An opinion piece by Elisha Brown
In case you’ve been living under a rock, let me bring you up to speed: Last week Pepsi released a commercial starring supermodel Kendall Jenner at the center of a protest that appears to satisfy tensions by sharing Pepsi. We’re not stupid, we know they aren’t literally trying to solve the world’s problems with soda. They’re merely trying to appeal to a specific demographic by using current events to sell soda. Now that we’ve got that out of the way, let’s get to the backlash.
Pepsi had good intentions but they get a “C” for effort. They probably need a more diverse team because someone should’ve told them this commercial would be taken seriously and not as lightly as they intended. They’re hinting around some emotionally intense problems. Had they left the cop scene out, this commercial may have been more widely accepted.
Some people are saying that it’s not Kendall Jenner’s fault because she didn’t create the commercial. Pepsi issued an apology to their viewers and Kendall Jenner, but I don’t think it was Kendall who needed that apology.
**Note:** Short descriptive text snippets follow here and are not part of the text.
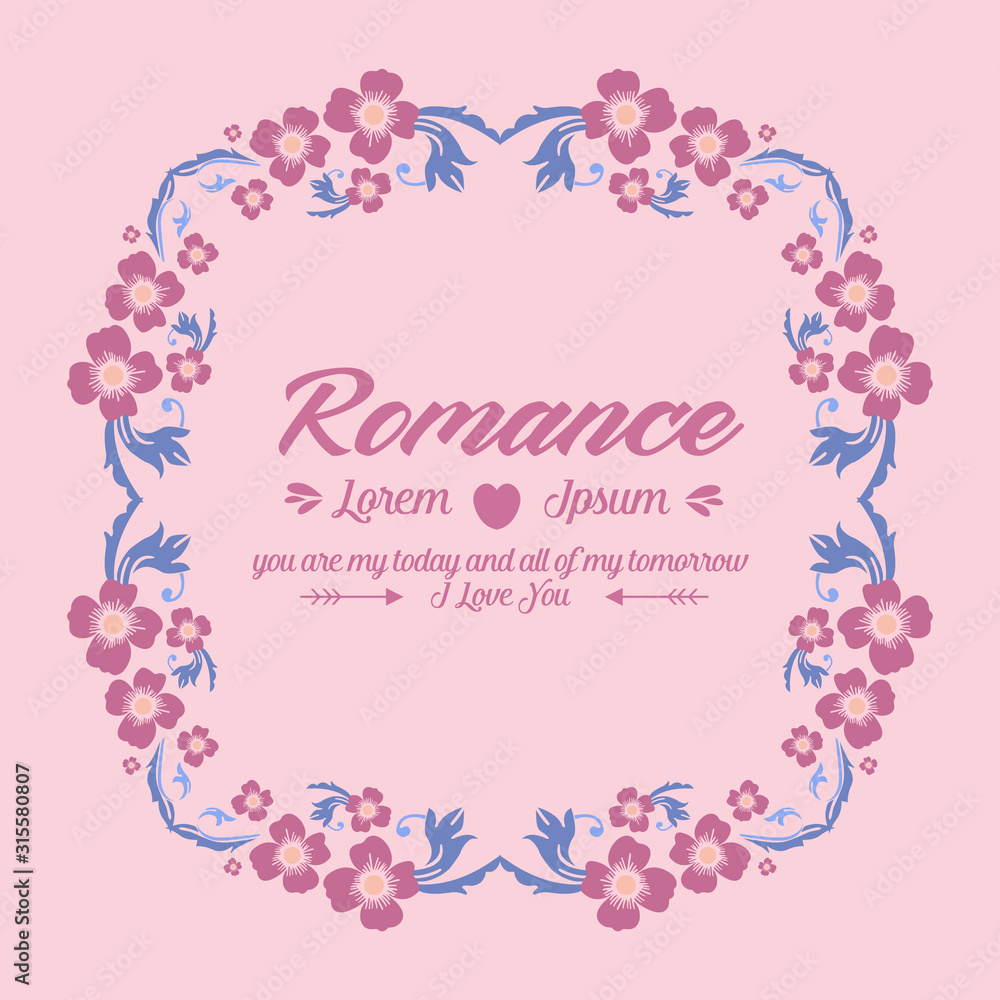 Decorative of romance greeting card, with antique pattern of leaf and floral frame. Vector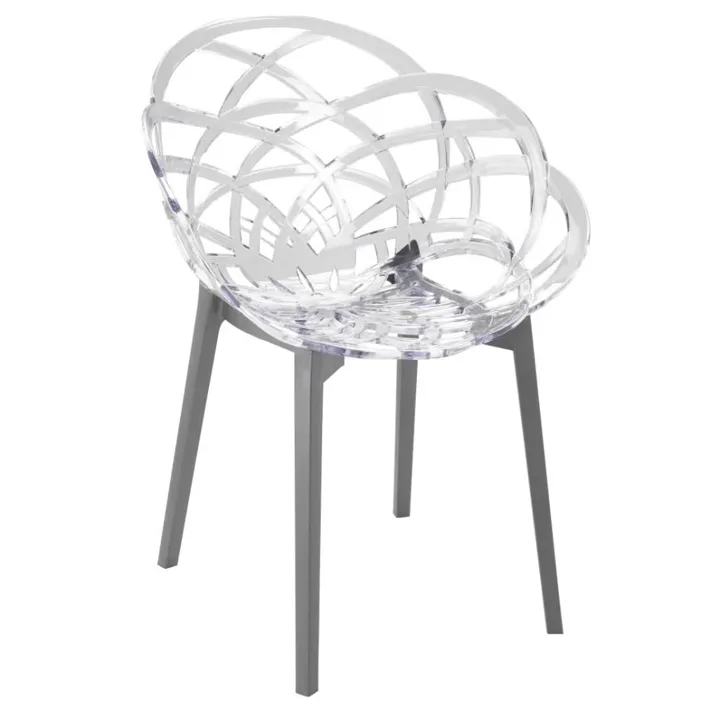 Flora Clear Transparent - Anthracite Chair PPT1101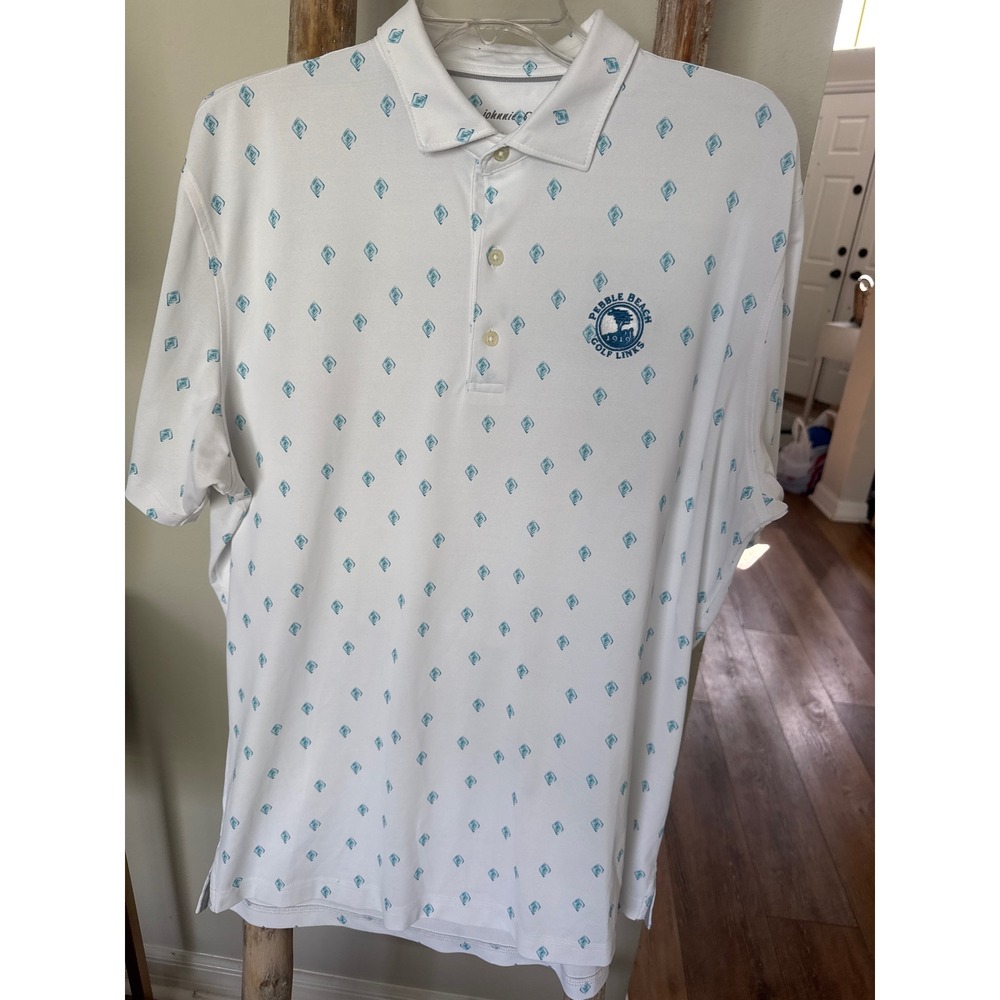 Johnnie O Shirt Mens White Blue Rhombus Droptail Performance Polo Pebble Beach L - Picture 7 of 7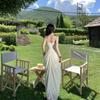 French White Moonlight Pleated Thin Suspender Dress Summer Island Vacation Wear Halter Dress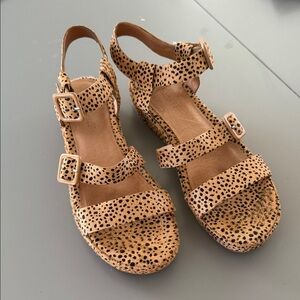 Madewell The Robin Platform Women's Sandals Size 7.5 Spotted Calf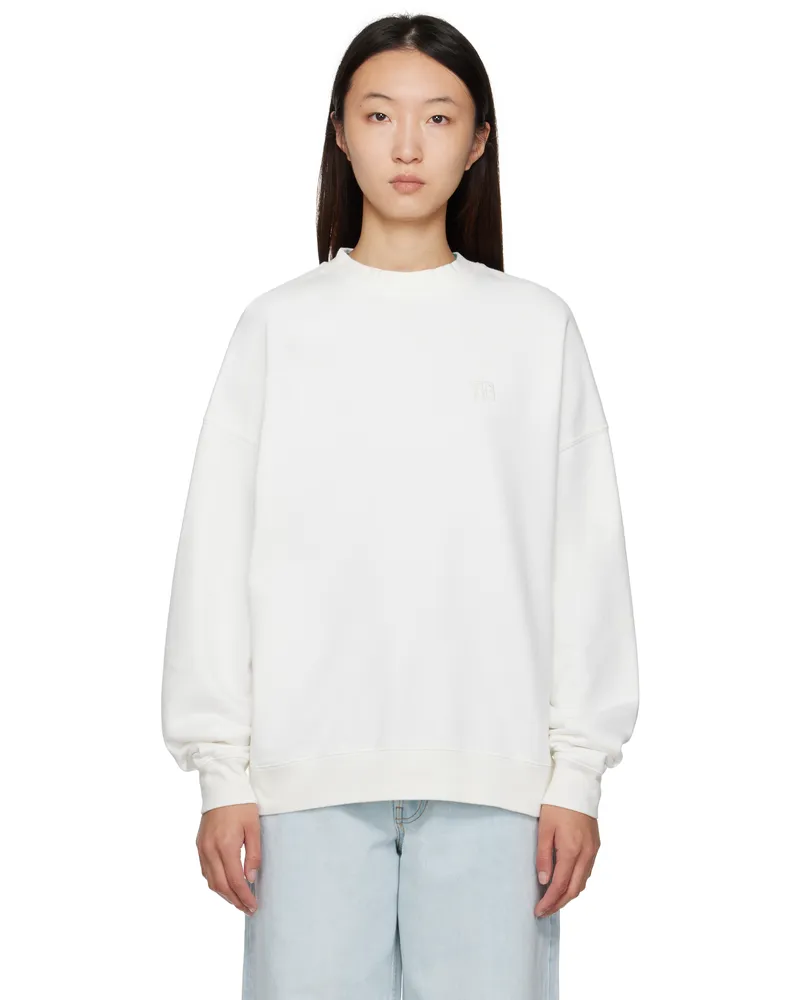 Anine Bing Off-White Miles Framed Monogram Sweatshirt Off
Kendall is twenty-one years old, she is an adult who accepted the role and was paid for it
If you watch KUWTK, you know she wants to stand for something so I understood why she accepted this role and wasn’t surprised to see her staring in this commercial. During season twelve of KUWTK, Kendall is shown contemplating how she wanted to go about voicing her concerns for the current social climate in our country. Her brother, Rob, proceeds to tell her that if she goes forward with any specific stance, she’ll receive backlash. So, she goes for something safer and less controversial like gun control. In the commercial, we see posters with peace signs and slogans such as “join the conversation.” Okay, which conversation would that be? The image of Kendall handing a Pepsi to a tense cop who then appears to relax after the crowd cheers, signifies to the viewers that they’re hinting towards the BlackLivesMatter or police brutality conversations. There are also images of a Muslim woman in her hijab, so perhaps they’re also hinting towards the islamophobia climate and conversation. Pepsi’s message is clearly trying to promote unity on a divisive subject such as police brutality but they’re falling short here.
I think many would agree we became confused once she walked towards the cop… exactly what message are we supposed to interpret by this image? This small part of the commercial trivializes the entire BlackLivesMatter movement and the seriousness of police brutality in this country. People risk their lives when protesting. Kendall walking towards to cop to hand him a soda is reminiscent of the iconic photo of Ieshia Evans who was detained while protesting in Baton Rouge, following Alton Sterling’s death. Let’s also touch upon the fact that there is a lack of black female representation in this commercial. The founder of BlackLivesMatter is a black woman and black women are the backbone and at the front of every protest involving police brutality. Again, Pepsi, try making your advertising team as diverse as you tried to make this commercial.
Kendall is dancing around what it is she wants to stand for and this is not how she should have made her debut as a “supporter” of whatever cause. They love black people and are obviously influenced by black culture; yet, we never see what the manifestation of that love looks like. We don’t hear a peep from the Kardashian/Jenner family about police brutality and suddenly we see Kendall handing Pepsi to a police officer during a unity protest? I would have been more impressed with a black lives matter shirt. As influential as the Kardashian/Jenner family is, Kendall Jenner can change people’s minds and understanding of some very real issues going on in America. The fact that she, yet again, decided to play it safe was disappointing, to say the least. Try again, Miss Jenner.
Those generic posters of peace signs and “join the conversation” posters were a put off. Join WHICH conversation? Black lives matter? Muslims? Mexicans? All of them? A white woman handing a Pepsi to a cop promotes nothing, says nothing, fixes nothing! If she’s going to stand for something, she better come correct!